Articles | Volume 28, issue 11
https://doi.org/10.5194/angeo-28-2103-2010
https://doi.org/10.5194/angeo-28-2103-2010
18 Nov 2010
 | 18 Nov 2010

Estimates of eddy turbulence consistent with seasonal variations of atomic oxygen and its possible role in the seasonal cycle of mesopause temperature

M. N. Vlasov and M. C. Kelley

Abstract. According to current understanding, adiabatic cooling and heating induced by the meridional circulation driven by gravity waves is the major process for the cold summer and warm winter polar upper mesosphere. However, our calculations show that the upward/downward motion needed for adiabatic cooling/heating of the summer/winter polar mesopause simultaneously induces a seasonal variation in both the O maximum density and the altitude of the [O] peak that is opposite to the observed variables generalized by the MSISE-90 model. It is usually accepted that eddy turbulence can produce the [O] seasonal variations. Using this approach, we can infer the eddy diffusion coefficient for the different seasons. Taking these results and experimental data on the eddy diffusion coefficient, we consider in detail and estimate the heating and cooling caused by eddy turbulence in the summer and winter polar upper mesosphere. The seasonal variations of these processes are similar to the seasonal variations of the temperature and mesopause. These results lead to the conclusion that heating/cooling by eddy turbulence is an important component in the energy budget and that adiabatic cooling/heating induced by upward/downward motion cannot dominate in the mesopause region.

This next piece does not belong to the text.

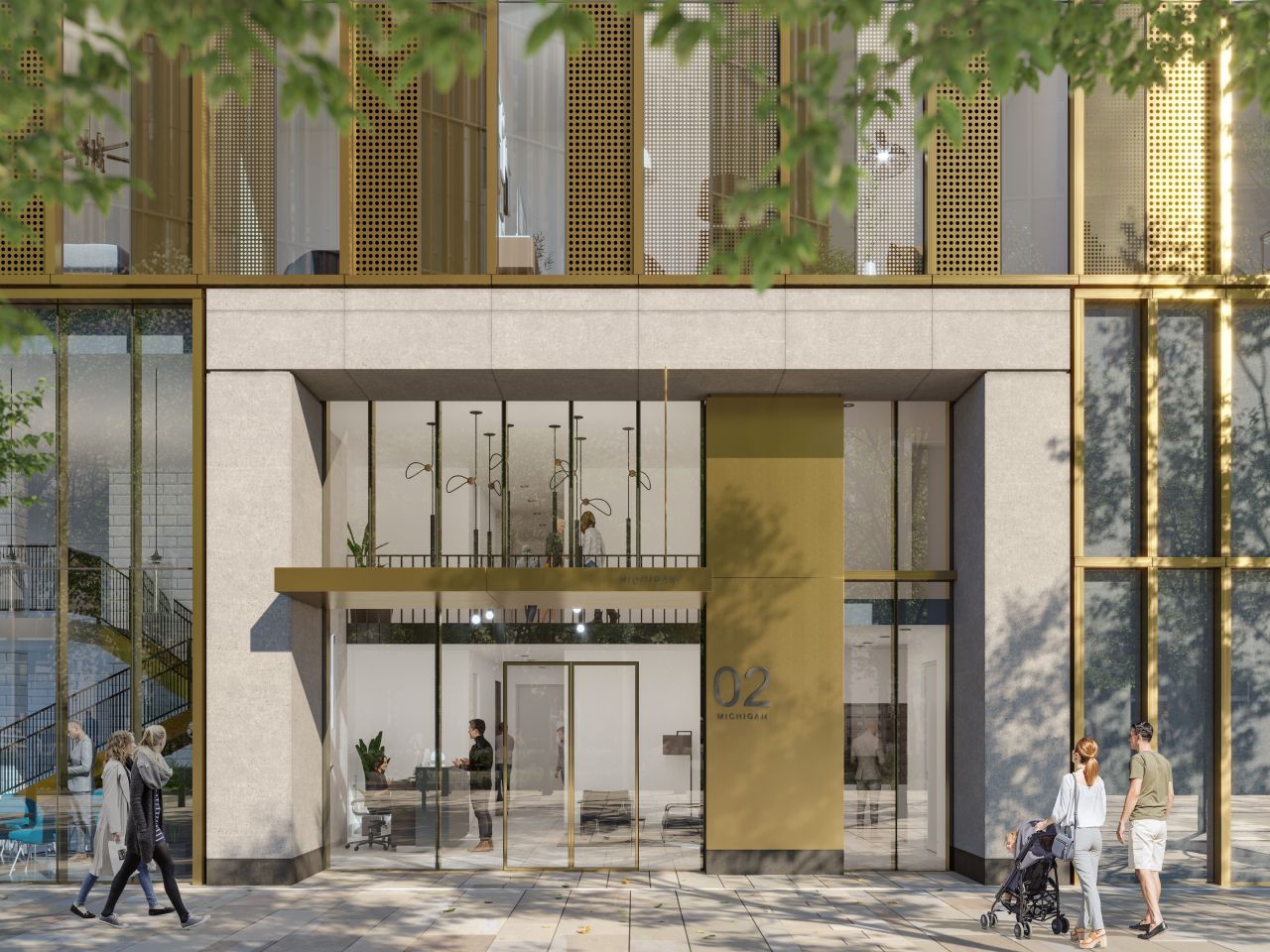 Piso en Manchester, Reino Unido, 59 m² - imagen 3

Our study shows that the impact of the dynamic process, induced by gravity waves, on [O] distributions must be included in models of thermal balance in the upper mesosphere and lower thermosphere (MLT) for a consistent description because (a) the [O] distribution is very sensitive to dynamic processes, and (b) atomic oxygen plays a very important role in chemical heating and infrared cooling in the MLT. To our knowledge, this is the first attempt to consider this aspect of the problem.